> _RECORD EXCERPTS_
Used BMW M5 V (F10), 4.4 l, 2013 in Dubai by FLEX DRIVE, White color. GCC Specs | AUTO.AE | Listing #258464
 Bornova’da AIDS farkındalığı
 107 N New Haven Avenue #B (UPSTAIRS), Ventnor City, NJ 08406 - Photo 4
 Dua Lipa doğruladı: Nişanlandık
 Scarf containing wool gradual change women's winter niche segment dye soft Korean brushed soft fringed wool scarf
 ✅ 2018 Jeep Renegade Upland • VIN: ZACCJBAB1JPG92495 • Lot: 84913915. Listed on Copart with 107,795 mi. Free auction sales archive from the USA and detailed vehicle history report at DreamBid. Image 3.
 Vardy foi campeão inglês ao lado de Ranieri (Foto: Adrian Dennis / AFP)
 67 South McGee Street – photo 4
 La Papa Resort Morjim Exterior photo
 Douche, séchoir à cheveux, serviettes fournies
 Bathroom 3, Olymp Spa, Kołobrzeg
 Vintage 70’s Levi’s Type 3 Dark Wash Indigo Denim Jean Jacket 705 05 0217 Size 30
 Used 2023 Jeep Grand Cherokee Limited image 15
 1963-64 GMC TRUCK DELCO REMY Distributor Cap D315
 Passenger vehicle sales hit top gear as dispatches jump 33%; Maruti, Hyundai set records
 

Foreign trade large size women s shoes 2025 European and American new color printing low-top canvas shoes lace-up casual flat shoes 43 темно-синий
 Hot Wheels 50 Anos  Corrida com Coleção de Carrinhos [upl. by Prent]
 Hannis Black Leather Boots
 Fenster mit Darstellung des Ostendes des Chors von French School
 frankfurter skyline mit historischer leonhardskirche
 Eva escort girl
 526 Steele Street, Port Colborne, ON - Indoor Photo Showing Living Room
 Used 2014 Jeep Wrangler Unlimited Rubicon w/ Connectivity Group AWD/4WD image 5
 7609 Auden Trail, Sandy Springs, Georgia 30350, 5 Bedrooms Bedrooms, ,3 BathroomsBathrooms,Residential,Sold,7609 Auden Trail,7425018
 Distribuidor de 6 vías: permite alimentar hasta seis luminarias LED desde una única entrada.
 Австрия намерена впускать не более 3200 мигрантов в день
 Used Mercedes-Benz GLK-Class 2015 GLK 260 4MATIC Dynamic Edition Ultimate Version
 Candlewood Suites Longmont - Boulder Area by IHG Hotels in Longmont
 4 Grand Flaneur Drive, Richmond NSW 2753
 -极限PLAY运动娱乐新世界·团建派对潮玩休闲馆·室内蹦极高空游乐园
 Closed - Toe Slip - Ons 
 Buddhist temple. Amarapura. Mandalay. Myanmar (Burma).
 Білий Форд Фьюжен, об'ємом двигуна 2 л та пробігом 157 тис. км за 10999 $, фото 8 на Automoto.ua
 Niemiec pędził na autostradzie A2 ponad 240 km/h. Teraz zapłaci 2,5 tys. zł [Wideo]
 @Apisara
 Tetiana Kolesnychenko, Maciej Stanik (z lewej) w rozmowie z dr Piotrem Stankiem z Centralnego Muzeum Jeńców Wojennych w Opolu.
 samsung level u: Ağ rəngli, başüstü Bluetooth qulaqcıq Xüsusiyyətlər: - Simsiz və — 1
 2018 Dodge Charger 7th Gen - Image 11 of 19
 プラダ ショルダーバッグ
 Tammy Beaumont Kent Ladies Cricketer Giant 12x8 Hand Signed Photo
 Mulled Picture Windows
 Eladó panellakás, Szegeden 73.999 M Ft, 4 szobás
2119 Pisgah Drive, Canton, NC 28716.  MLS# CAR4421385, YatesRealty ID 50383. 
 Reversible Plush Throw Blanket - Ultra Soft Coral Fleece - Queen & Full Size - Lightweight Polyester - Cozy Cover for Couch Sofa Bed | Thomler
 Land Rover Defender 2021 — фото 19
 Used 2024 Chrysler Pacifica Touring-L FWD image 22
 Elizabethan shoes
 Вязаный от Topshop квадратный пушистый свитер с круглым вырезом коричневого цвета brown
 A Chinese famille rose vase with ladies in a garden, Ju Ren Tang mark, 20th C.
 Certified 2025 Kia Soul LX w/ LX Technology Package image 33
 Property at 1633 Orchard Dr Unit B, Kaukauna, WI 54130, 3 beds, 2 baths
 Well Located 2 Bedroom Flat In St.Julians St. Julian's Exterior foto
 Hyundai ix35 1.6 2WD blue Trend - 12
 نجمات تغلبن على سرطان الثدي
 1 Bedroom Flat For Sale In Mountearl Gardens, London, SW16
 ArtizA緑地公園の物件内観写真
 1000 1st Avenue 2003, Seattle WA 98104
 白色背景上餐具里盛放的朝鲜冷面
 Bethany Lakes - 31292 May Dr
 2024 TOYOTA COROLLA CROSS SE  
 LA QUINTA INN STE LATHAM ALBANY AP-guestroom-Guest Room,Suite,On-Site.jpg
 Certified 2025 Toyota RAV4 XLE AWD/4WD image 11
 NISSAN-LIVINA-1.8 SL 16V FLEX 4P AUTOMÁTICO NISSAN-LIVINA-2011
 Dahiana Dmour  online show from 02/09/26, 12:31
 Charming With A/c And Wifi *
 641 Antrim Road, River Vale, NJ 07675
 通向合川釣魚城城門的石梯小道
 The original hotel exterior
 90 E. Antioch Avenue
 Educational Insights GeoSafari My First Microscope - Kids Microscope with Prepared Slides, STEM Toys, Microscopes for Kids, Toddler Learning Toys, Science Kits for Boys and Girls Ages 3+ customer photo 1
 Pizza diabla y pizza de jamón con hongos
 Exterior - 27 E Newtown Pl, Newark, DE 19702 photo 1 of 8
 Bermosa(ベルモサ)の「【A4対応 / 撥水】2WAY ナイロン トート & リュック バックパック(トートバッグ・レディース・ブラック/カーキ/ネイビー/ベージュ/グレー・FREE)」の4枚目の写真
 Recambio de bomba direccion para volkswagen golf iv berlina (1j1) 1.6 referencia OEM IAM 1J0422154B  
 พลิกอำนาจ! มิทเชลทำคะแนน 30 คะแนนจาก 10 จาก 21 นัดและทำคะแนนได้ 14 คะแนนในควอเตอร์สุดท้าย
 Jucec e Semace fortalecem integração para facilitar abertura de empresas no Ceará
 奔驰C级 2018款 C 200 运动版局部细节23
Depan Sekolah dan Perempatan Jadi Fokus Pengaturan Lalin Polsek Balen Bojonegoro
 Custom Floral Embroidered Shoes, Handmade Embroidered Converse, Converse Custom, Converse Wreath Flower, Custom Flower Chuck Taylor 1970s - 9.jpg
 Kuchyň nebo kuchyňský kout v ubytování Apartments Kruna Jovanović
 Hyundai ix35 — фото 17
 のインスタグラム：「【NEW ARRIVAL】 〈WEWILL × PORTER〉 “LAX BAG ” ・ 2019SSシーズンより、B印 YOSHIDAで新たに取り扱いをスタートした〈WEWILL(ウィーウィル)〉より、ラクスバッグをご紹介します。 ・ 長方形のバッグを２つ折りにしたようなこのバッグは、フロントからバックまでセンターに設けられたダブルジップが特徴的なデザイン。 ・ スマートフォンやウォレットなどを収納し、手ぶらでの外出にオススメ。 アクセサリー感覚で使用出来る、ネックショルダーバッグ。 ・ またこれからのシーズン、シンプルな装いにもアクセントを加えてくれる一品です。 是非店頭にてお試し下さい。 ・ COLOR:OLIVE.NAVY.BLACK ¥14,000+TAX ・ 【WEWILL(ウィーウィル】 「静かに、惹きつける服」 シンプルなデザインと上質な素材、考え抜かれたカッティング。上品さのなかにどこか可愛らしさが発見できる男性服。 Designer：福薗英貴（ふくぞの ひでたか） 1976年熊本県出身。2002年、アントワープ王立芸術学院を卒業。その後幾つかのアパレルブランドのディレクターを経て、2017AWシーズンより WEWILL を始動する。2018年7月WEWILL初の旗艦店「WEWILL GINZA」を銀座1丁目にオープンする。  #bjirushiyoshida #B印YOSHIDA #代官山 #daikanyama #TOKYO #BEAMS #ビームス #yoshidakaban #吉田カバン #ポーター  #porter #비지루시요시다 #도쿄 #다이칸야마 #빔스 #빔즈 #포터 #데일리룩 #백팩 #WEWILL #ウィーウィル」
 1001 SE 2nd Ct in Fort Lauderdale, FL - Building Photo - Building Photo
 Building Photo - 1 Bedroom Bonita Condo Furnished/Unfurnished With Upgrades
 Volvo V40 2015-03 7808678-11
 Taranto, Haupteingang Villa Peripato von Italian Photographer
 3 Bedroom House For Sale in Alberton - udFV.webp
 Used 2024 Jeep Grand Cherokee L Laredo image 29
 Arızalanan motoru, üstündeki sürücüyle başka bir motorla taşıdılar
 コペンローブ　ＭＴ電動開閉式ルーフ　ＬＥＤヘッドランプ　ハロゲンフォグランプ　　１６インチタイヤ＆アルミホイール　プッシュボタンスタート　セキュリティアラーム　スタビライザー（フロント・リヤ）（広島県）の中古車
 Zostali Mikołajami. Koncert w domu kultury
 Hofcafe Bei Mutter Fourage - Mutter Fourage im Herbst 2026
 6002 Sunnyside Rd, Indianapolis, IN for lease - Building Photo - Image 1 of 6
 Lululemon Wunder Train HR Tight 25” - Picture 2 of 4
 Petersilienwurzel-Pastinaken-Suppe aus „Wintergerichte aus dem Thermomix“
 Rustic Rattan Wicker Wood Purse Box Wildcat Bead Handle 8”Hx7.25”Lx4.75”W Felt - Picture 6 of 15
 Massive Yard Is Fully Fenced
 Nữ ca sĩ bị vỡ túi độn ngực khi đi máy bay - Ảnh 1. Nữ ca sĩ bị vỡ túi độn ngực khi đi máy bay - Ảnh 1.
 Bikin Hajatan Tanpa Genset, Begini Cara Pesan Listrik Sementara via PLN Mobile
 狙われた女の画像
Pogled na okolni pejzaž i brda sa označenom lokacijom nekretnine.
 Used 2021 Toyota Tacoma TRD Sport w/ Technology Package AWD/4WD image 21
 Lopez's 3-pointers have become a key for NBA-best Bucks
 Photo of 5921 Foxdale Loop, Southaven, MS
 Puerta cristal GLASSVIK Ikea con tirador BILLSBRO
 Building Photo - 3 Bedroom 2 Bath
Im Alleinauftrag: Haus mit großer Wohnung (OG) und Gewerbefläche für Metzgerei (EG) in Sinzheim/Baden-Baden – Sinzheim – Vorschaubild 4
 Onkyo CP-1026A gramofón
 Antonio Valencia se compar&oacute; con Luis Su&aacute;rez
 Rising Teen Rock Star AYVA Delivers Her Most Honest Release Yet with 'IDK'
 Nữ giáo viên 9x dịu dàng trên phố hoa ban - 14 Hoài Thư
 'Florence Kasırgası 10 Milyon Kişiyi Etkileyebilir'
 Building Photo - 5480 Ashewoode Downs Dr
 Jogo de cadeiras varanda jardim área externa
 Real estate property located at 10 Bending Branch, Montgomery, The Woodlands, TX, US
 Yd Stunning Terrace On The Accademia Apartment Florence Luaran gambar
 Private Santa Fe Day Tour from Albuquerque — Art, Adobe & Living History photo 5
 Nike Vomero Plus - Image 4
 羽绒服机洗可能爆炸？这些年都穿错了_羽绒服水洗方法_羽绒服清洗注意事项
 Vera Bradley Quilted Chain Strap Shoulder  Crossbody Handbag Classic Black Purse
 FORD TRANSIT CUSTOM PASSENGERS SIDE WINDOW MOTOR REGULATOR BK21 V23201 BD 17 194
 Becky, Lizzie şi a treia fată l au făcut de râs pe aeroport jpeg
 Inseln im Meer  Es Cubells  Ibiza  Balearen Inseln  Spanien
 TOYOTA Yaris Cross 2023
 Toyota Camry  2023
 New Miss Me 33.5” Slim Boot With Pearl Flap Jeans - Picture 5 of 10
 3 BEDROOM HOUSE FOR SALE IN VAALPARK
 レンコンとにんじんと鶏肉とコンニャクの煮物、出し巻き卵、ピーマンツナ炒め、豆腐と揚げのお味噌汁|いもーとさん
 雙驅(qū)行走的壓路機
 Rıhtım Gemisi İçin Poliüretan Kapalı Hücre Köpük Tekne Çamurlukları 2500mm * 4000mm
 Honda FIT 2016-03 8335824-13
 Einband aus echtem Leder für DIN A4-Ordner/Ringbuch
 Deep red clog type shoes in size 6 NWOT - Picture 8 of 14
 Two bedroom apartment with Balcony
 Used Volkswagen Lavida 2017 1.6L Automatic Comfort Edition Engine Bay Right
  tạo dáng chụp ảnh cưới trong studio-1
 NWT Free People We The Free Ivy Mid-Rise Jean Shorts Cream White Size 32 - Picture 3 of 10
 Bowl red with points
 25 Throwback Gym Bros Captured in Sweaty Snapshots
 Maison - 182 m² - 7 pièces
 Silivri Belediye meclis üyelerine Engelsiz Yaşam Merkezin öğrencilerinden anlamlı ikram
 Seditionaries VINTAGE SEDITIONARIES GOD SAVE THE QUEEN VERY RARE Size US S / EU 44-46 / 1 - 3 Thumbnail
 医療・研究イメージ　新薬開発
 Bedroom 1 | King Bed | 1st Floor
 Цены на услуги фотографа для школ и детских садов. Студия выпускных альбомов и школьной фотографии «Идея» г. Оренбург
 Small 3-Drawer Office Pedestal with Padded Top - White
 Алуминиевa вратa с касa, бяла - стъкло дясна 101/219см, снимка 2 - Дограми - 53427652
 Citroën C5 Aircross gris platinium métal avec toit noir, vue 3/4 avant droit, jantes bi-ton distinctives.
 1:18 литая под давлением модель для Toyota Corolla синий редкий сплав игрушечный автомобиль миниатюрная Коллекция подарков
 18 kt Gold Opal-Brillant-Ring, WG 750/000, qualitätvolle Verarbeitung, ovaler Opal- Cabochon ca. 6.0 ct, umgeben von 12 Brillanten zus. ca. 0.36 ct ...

> _WORK REQUEST_
Where the data above reaches the line holding "Hannis Black Leather Boots", begin printing, and stop after the line holding "Certified 2025 Kia". Each line must be reproduced exactly, with nothing else added.

> _OUTPUT FOR THIS TASK_
 Hannis Black Leather Boots
 Fenster mit Darstellung des Ostendes des Chors von French School
 frankfurter skyline mit historischer leonhardskirche
 Eva escort girl
 526 Steele Street, Port Colborne, ON - Indoor Photo Showing Living Room
 Used 2014 Jeep Wrangler Unlimited Rubicon w/ Connectivity Group AWD/4WD image 5
 7609 Auden Trail, Sandy Springs, Georgia 30350, 5 Bedrooms Bedrooms, ,3 BathroomsBathrooms,Residential,Sold,7609 Auden Trail,7425018
 Distribuidor de 6 vías: permite alimentar hasta seis luminarias LED desde una única entrada.
 Австрия намерена впускать не более 3200 мигрантов в день
 Used Mercedes-Benz GLK-Class 2015 GLK 260 4MATIC Dynamic Edition Ultimate Version
 Candlewood Suites Longmont - Boulder Area by IHG Hotels in Longmont
 4 Grand Flaneur Drive, Richmond NSW 2753
 -极限PLAY运动娱乐新世界·团建派对潮玩休闲馆·室内蹦极高空游乐园
 Closed - Toe Slip - Ons 
 Buddhist temple. Amarapura. Mandalay. Myanmar (Burma).
 Білий Форд Фьюжен, об'ємом двигуна 2 л та пробігом 157 тис. км за 10999 $, фото 8 на Automoto.ua
 Niemiec pędził na autostradzie A2 ponad 240 km/h. Teraz zapłaci 2,5 tys. zł [Wideo]
 @Apisara
 Tetiana Kolesnychenko, Maciej Stanik (z lewej) w rozmowie z dr Piotrem Stankiem z Centralnego Muzeum Jeńców Wojennych w Opolu.
 samsung level u: Ağ rəngli, başüstü Bluetooth qulaqcıq Xüsusiyyətlər: - Simsiz və — 1
 2018 Dodge Charger 7th Gen - Image 11 of 19
 プラダ ショルダーバッグ
 Tammy Beaumont Kent Ladies Cricketer Giant 12x8 Hand Signed Photo
 Mulled Picture Windows
 Eladó panellakás, Szegeden 73.999 M Ft, 4 szobás
2119 Pisgah Drive, Canton, NC 28716.  MLS# CAR4421385, YatesRealty ID 50383. 
 Reversible Plush Throw Blanket - Ultra Soft Coral Fleece - Queen & Full Size - Lightweight Polyester - Cozy Cover for Couch Sofa Bed | Thomler
 Land Rover Defender 2021 — фото 19
 Used 2024 Chrysler Pacifica Touring-L FWD image 22
 Elizabethan shoes
 Вязаный от Topshop квадратный пушистый свитер с круглым вырезом коричневого цвета brown
 A Chinese famille rose vase with ladies in a garden, Ju Ren Tang mark, 20th C.
 Certified 2025 Kia Soul LX w/ LX Technology Package image 33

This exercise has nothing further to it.